**Exercise materials:**
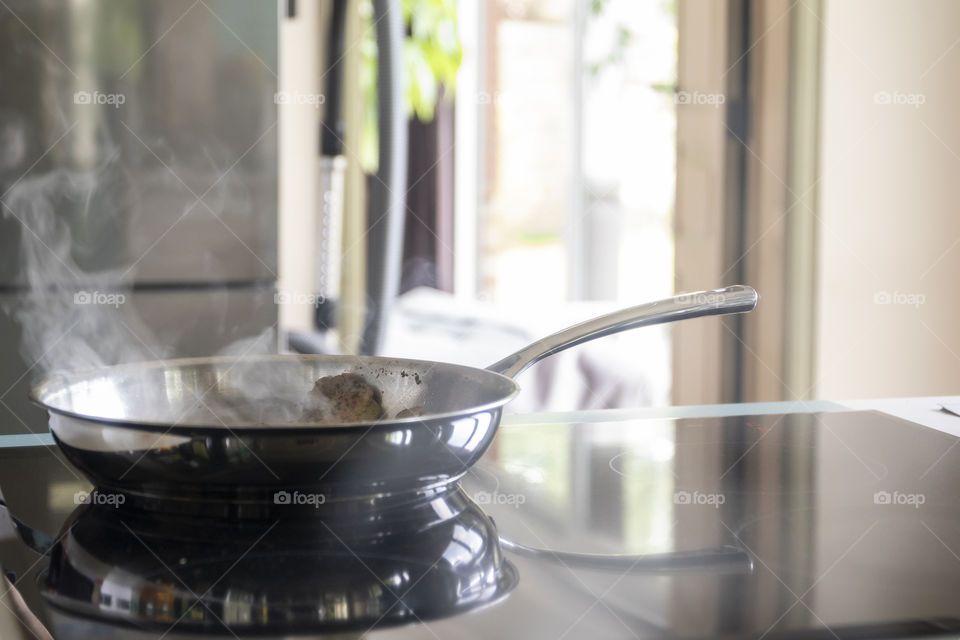 A portrait of a metal frying pan, frying some bacon on an induction furnace. the reflection of the pan is in the glass of the furnace.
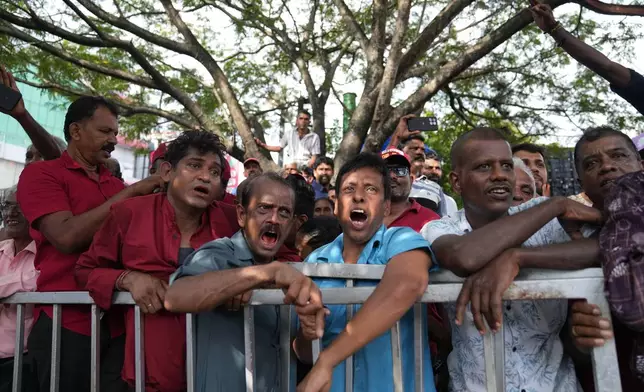 People shout anti government slogans supporting Sri Lankan lawmaker Namal Rajapaksa, heir to the once-powerful Rajapaksa dynasty, during a public rally in Colombo, Sri Lanka, Friday, Nov. 21, 2025. (AP Photo/Eranga Jayawardena)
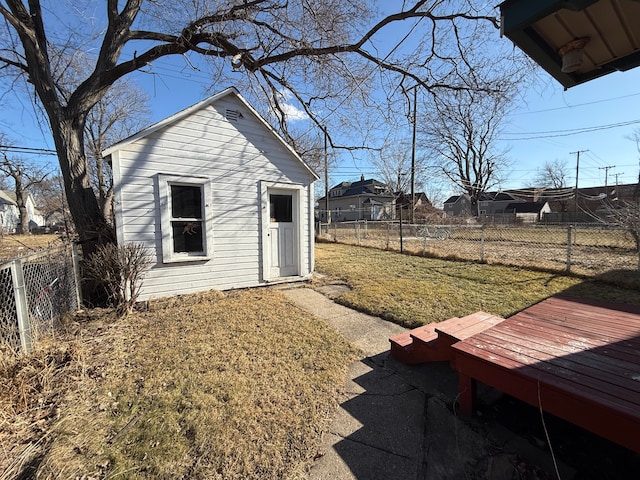 view of yard featuring a fenced backyard and an outdoor structure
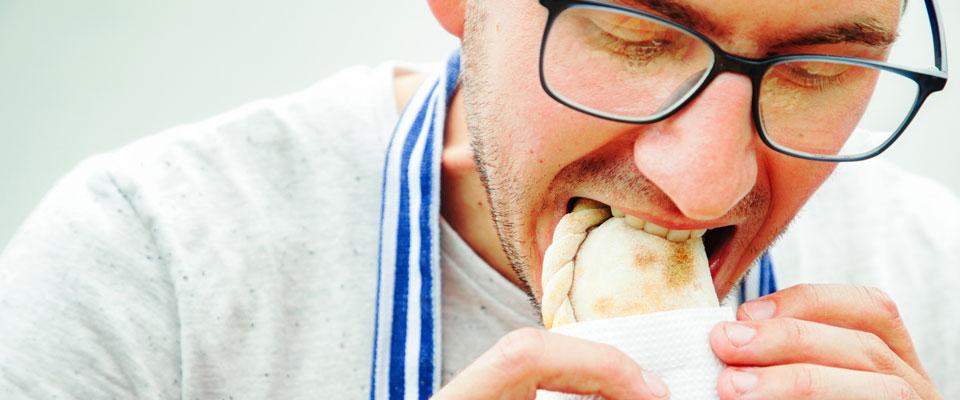 Close up of a man eating an empanada with his hands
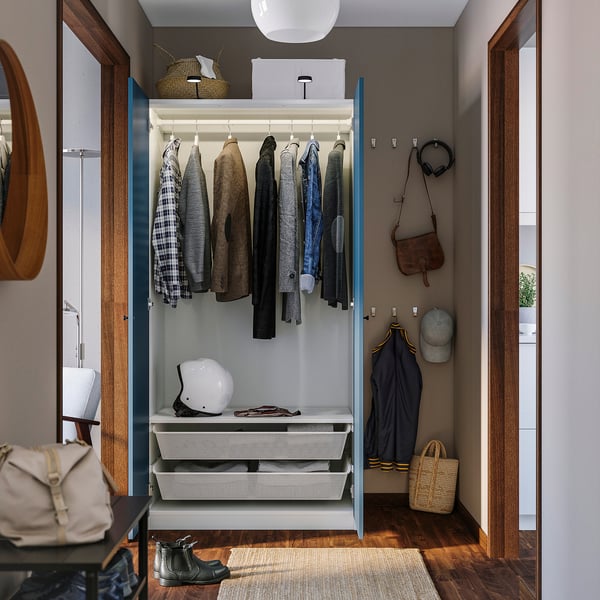 Open wardrobe displaying clothes, helmet, and bags; showcasing PAXs organisers and adjustable.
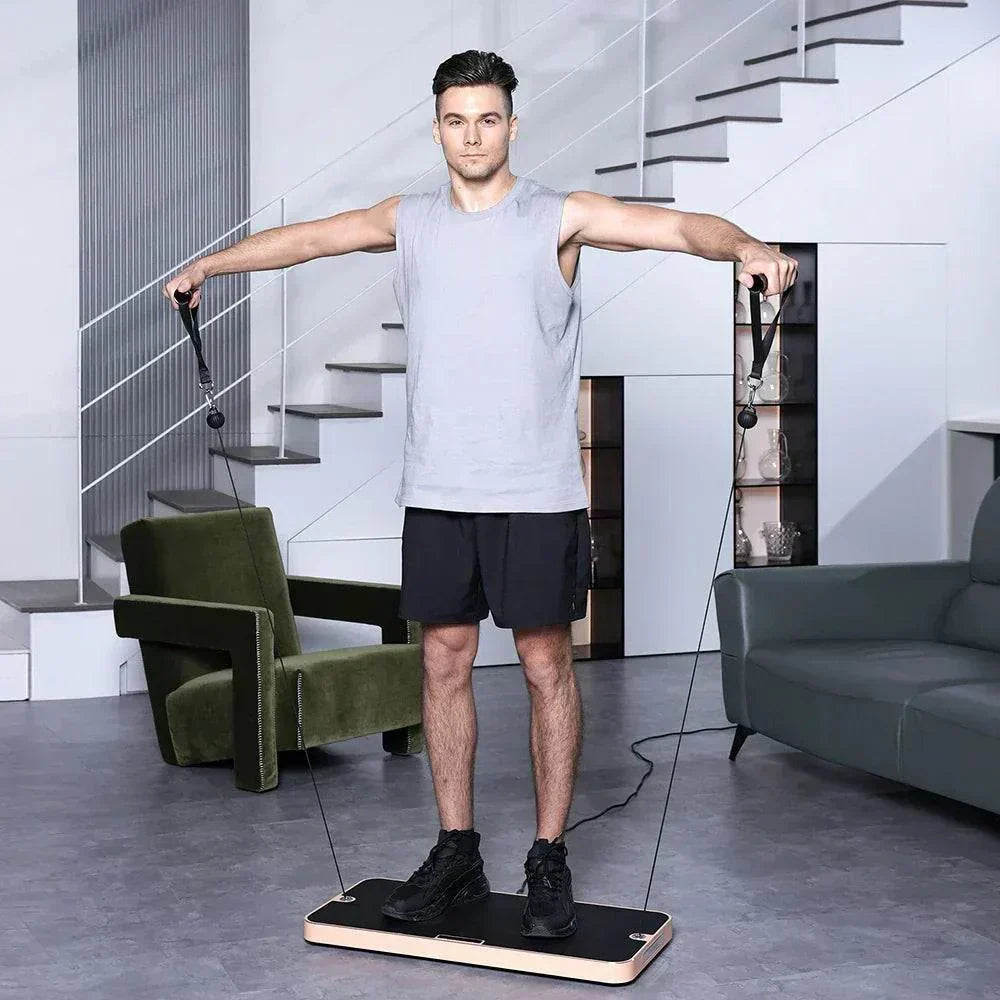 Man using Smart All In One Home Fitness exercise training gym with resistance bands in living room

**What the task requires:**
Any picture in the listing is to be omitted. Return exactly the lines from the one containing "Close up of" through its last line, both included, and only those.

**Response:**
 Close up of a man eating an empanada with his hands
 Open wardrobe displaying clothes, helmet, and bags; showcasing PAXs organisers and adjustable.
 Man using Smart All In One Home Fitness exercise training gym with resistance bands in living room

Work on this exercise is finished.